My new snagging hook


----------



## Jim (May 28, 2009)

What is that used for? We used to use big hooks like that to lift Stripers off the piers.


----------



## sparkbr (May 28, 2009)

That's about as good a guess as I've come up with. The company I use for my netting supplies (memphis net) had it listed. I think it said it was a 24/0. I had to get it just to see. lol. I think if I tried snagging with it, I'd need to drag it behund the boat. my luck, I'd hook a tree or something and rip my transom off. lol.


----------



## Loggerhead Mike (May 28, 2009)

thats pretty cool. make for good decoration if you cant find anything to use it for


----------



## Brine (May 28, 2009)

We use those in one of the lakes down here on a carolina rig with a cinder block as a weight and a beef brisket as bait for big flatheads..... :---)


----------



## Nickk (May 28, 2009)

:shock: 

you should get another one and then take a log and make a giant crankbait....start whiddlin'!


----------



## Andy (May 28, 2009)

Is that a snag hook or a grappling hook for when you're practicing your ninja skills...??

:lol:


----------



## mr.fish (May 29, 2009)

I need one of them to catch and remove all the scum that has taken over my brothers pond this year. #-o


----------



## Andy (May 30, 2009)

mr.fish said:


> I need one of them to catch and remove all the scum that has taken over my brothers pond this year. #-o



You can use an old minnow sein. Tie on some longer strings and skim the scum out. That is if it's the floating kind of scum, and the pond isn't real big.


----------



## stinkynathan (May 31, 2009)

I've never done this (except accidentally), but people around here on the Missouri get special tags to snag paddle fish. I assume they use a pretty big treble, but I'm not sure if it would be that big.

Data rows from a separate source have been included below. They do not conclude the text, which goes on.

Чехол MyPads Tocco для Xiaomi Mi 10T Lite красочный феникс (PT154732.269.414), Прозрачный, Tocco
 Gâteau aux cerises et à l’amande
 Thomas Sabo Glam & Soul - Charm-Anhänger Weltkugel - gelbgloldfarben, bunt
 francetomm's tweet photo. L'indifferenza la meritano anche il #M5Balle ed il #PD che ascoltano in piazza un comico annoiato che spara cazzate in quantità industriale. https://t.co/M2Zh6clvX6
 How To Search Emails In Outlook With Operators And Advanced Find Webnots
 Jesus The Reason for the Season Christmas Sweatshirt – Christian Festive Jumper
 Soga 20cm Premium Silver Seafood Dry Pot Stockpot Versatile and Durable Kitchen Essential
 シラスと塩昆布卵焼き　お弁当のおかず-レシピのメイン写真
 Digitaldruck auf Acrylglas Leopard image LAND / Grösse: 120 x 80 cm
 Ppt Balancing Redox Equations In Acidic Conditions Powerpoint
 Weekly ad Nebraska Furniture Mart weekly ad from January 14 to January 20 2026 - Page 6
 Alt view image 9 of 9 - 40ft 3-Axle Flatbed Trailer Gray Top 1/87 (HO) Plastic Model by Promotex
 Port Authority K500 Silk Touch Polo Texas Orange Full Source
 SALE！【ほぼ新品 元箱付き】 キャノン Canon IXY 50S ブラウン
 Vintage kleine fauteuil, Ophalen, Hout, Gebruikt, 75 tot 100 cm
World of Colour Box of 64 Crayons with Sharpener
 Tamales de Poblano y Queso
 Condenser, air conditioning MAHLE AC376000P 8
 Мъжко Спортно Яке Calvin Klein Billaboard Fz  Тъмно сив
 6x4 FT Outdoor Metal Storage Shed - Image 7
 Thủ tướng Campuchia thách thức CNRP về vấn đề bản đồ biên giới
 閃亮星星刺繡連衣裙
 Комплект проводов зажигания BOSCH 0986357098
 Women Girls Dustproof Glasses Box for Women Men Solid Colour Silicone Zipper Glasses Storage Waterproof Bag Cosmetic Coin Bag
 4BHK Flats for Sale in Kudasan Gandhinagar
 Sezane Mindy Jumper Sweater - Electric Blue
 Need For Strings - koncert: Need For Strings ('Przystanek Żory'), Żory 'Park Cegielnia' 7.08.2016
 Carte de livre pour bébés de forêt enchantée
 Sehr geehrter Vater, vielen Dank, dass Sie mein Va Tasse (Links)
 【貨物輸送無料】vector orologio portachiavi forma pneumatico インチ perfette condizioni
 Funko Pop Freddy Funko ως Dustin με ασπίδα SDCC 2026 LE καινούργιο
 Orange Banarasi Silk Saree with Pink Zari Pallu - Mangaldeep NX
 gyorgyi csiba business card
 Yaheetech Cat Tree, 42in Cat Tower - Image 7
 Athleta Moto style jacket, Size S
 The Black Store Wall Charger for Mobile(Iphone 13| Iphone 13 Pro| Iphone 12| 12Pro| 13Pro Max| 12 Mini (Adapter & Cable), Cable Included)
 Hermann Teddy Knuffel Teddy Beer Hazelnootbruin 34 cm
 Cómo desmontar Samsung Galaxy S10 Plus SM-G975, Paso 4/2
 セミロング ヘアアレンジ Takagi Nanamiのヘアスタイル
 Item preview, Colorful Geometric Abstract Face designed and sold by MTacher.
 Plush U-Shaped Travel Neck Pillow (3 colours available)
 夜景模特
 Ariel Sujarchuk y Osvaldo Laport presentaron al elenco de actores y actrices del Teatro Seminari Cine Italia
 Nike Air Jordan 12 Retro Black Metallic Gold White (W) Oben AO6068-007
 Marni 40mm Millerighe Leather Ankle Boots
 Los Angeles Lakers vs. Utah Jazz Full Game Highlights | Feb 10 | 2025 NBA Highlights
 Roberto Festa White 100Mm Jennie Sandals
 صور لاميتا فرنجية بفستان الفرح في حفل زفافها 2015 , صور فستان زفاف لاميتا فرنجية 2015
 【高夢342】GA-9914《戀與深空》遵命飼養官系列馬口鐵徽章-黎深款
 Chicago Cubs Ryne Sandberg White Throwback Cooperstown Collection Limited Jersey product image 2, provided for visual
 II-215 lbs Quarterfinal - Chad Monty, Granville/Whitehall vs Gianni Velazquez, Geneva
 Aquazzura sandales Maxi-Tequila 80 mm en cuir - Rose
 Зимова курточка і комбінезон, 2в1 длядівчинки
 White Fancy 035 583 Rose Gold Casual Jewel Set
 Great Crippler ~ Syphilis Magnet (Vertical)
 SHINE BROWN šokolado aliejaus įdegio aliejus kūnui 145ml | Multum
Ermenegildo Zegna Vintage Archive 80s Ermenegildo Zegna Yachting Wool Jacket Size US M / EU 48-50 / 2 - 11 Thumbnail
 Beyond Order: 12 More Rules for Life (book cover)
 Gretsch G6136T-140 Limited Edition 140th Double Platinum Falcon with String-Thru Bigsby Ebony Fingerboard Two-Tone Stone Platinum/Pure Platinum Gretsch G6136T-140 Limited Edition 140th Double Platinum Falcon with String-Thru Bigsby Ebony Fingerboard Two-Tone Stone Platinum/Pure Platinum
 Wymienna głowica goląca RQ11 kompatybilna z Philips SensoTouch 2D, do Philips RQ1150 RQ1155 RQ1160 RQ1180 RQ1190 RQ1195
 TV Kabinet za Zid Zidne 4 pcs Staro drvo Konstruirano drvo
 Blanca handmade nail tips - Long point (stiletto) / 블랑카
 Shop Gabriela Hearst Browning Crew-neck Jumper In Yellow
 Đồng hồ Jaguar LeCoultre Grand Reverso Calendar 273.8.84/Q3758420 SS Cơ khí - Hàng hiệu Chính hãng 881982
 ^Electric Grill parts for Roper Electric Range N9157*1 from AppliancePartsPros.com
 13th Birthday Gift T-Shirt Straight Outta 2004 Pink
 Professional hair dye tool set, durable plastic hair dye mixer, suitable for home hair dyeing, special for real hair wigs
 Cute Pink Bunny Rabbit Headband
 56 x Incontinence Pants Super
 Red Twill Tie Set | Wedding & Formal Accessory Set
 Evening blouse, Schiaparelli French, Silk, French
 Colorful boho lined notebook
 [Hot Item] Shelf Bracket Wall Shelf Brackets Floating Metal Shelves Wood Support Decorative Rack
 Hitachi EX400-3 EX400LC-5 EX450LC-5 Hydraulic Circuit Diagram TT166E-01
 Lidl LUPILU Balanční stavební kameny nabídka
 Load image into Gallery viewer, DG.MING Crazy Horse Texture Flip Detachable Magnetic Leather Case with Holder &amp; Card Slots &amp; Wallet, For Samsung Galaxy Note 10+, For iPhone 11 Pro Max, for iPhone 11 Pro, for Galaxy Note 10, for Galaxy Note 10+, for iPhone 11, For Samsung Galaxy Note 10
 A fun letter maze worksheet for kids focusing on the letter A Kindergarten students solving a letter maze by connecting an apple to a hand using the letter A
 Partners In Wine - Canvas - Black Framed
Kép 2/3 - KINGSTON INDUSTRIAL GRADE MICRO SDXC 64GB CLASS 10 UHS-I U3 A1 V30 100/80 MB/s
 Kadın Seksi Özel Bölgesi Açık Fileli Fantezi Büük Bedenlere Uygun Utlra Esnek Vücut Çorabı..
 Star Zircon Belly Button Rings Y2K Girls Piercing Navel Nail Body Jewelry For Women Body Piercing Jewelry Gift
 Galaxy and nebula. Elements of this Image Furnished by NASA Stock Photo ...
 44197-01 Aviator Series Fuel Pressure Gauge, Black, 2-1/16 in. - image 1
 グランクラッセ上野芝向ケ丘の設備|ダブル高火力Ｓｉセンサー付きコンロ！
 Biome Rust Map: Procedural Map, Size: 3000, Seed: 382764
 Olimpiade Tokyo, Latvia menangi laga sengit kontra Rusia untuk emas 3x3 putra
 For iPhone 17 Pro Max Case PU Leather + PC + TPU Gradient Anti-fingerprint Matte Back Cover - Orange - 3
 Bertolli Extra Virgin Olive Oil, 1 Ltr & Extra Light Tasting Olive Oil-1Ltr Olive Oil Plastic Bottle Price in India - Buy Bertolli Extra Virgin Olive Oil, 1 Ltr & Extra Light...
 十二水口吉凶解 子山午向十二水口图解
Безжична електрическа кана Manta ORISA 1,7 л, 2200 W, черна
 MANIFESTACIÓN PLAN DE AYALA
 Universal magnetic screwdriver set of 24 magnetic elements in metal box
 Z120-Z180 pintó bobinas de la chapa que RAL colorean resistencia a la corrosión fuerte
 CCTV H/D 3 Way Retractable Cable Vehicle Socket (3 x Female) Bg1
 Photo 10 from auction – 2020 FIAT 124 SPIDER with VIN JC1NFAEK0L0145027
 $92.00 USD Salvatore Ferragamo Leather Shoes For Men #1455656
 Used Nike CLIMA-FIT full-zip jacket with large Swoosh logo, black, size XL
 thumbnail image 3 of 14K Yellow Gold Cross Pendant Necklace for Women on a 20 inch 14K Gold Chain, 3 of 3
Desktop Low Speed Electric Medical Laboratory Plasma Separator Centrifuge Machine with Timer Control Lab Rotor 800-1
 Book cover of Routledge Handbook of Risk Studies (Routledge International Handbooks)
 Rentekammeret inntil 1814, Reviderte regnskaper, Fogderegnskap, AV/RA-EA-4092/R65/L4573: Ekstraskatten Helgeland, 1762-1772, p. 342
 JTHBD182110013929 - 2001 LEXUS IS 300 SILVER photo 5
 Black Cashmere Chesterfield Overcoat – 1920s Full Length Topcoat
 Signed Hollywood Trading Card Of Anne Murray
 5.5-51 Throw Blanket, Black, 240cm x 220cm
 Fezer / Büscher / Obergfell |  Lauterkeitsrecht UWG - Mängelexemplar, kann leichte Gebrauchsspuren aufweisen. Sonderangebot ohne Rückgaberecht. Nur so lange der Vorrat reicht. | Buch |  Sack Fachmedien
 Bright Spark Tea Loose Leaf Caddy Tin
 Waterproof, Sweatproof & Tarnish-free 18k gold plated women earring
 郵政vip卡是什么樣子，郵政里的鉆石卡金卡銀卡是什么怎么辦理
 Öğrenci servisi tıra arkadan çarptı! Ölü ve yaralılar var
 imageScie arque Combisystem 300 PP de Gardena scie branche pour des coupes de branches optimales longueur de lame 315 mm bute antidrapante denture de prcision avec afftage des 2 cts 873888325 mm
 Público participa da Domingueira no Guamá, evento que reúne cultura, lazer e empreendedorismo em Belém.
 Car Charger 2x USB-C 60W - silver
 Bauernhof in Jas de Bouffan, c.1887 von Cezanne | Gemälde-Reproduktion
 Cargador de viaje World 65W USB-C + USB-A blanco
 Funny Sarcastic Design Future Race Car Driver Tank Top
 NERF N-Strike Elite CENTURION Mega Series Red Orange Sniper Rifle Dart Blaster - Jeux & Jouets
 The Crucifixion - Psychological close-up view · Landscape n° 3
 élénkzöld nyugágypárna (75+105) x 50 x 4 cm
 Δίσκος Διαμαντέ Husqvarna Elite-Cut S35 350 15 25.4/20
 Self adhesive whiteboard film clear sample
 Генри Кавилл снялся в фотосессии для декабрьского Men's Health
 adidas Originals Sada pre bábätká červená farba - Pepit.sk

I actually snagged one on my first drop-shot rig cast a month or so ago. Well, I snagged a clump of braided line that was snagged on the paddle. That thing pulled my boat around for 15 minutes before it was tired out enough that I could hand-pull the braid line in to cut him free. Probably would have been five feet long if I could have measured it.

The joys of fishing on the big water..... :roll:


----------



## Zum (May 31, 2009)

Thats great that you got that braid out the water and off that beast.


----------



## Popeye (Jun 10, 2009)

Argh, That be for catchin' whales matey. Don' be lettin the Cap'n borrow it or ye won' be gettin' 'er back any time soon.


----------